◆ **ASSIGNMENT**
What you return should be each line of the data containing the string "Extra".

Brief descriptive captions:

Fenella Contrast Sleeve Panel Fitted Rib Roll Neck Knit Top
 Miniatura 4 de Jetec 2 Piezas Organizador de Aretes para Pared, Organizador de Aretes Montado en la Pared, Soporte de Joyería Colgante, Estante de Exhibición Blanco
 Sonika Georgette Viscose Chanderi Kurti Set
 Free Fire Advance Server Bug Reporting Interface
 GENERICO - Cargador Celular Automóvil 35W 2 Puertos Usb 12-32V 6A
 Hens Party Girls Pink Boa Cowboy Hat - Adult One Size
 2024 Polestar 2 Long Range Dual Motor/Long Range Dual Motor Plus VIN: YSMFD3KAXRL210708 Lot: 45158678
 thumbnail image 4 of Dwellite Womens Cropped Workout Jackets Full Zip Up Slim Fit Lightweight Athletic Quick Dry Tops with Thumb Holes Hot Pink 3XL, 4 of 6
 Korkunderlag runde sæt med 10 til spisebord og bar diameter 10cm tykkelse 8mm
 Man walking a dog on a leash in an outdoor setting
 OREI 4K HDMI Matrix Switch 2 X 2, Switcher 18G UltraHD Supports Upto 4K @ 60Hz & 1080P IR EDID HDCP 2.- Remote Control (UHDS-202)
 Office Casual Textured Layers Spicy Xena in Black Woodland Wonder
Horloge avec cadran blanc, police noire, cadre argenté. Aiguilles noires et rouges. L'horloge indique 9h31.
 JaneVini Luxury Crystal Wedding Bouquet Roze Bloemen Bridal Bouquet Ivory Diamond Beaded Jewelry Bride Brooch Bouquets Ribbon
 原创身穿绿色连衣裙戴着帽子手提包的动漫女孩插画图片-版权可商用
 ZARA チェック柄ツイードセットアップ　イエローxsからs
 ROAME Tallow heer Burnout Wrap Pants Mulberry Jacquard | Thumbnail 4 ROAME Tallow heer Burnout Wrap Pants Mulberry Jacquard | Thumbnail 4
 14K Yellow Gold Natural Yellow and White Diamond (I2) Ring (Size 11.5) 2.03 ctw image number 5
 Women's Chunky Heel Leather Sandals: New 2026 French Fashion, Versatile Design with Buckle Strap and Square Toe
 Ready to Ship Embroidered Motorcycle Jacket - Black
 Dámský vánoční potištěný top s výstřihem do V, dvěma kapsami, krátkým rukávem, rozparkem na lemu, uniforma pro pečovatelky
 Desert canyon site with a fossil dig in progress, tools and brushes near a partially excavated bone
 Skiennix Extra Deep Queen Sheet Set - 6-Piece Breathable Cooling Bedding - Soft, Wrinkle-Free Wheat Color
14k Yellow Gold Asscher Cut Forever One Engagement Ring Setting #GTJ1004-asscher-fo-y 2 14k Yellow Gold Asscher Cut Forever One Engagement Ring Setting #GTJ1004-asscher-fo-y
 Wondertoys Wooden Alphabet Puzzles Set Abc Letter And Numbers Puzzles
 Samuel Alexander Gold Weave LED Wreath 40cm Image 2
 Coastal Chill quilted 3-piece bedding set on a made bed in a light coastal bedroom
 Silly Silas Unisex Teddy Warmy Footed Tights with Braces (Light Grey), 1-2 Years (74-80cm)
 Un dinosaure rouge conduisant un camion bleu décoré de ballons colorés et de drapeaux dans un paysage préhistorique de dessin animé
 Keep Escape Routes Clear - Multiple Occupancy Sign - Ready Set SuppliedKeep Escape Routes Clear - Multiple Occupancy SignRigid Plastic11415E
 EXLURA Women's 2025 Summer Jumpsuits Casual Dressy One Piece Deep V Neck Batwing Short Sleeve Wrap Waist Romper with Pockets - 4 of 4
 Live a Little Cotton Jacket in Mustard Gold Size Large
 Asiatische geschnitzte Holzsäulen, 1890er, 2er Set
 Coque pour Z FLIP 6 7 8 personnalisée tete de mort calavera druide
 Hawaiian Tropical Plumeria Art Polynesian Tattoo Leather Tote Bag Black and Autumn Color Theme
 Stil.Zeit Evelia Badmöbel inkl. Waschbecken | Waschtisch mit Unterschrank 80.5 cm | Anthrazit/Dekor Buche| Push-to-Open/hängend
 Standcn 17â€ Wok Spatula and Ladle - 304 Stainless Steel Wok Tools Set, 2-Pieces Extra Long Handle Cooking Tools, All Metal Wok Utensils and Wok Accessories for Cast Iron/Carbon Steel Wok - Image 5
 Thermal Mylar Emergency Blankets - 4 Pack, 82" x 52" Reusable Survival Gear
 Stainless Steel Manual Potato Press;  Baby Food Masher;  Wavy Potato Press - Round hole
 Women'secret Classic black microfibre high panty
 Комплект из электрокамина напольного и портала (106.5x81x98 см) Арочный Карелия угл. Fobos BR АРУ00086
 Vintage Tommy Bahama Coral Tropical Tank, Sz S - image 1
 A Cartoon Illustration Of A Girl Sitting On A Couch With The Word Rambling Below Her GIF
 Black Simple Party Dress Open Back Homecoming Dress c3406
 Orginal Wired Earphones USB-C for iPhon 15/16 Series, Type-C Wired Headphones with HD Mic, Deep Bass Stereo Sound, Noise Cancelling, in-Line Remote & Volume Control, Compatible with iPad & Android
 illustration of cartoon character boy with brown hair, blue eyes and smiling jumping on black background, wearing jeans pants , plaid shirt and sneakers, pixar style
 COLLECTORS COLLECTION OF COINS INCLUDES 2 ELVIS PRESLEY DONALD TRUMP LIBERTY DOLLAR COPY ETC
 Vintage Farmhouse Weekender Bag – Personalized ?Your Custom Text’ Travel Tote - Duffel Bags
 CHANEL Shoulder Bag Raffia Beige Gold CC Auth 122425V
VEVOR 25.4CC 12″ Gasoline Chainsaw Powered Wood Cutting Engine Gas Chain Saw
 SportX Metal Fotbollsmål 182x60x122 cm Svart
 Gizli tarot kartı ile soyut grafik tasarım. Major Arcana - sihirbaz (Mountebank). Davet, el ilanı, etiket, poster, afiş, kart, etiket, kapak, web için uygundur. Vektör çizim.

◆ **TASK RESPONSE**
 Skiennix Extra Deep Queen Sheet Set - 6-Piece Breathable Cooling Bedding - Soft, Wrinkle-Free Wheat Color
 Standcn 17â€ Wok Spatula and Ladle - 304 Stainless Steel Wok Tools Set, 2-Pieces Extra Long Handle Cooking Tools, All Metal Wok Utensils and Wok Accessories for Cast Iron/Carbon Steel Wok - Image 5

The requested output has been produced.